WEEK 2   
M: Proof of Prop 1.9. Cartesian products, relations, functions. Well-foundedness.
     1.10. Definition. Cartesian product.
     1.11. Proposition. If A,B are sets then the Cartesian product A × B is a set.
                                   (Two arguments: one with Replacement and one with Power set)
     1.12. Definition. Class relation, relation, class function, function.
     1.13. Definition. Reflexivity, symmetricity, antisymmetricity, strict antisymmetricity, transitivity of a class relation.
                                  Equivalence relations, ordering relations, strict ordering, linear ordering.
     1.14. Definition. Well-founded relations. 
W: Set-like relations, R-transitivity, inductivity, natural numbers. 
     1.15. Definition. R[A], R-1 , predR(a).
     1.16. Definition. R transitivity, transitivity. 
     1.17. Proposition. If x is transitive then so is S(x).
     1.18. Definition. Inductive class.
     1.19. Definition. \omega. 
     1.20. Proposition. (a) All elements of \omega are transitive.
                                      (b) \omega is transitive.
     1.21. Proposition. If A is a nonempty subset of \omega then a has an \epsilon-minimal element.

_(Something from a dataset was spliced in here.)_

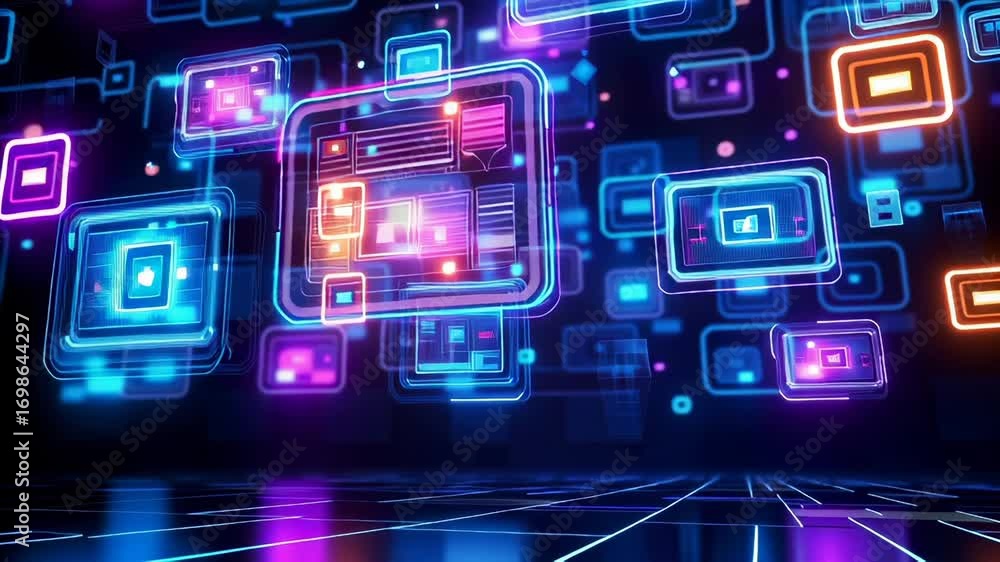 Poster sophisticated holographic environment with translucent interface panels floating in dark technologic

F: Functions. Recursion on \omega.
    1.22. Definition. Class function, F : A --> B, injectivity, surjectivity, bijectivity, restriction F|A.
    1.23. Theorem. (Recursion on \omega). Assume G : V --> V is a class function. Then there is a unique set function
                                 f : \omega --> V such that
                                 f(n) = G(f|n)
                                 for all n\in\omega.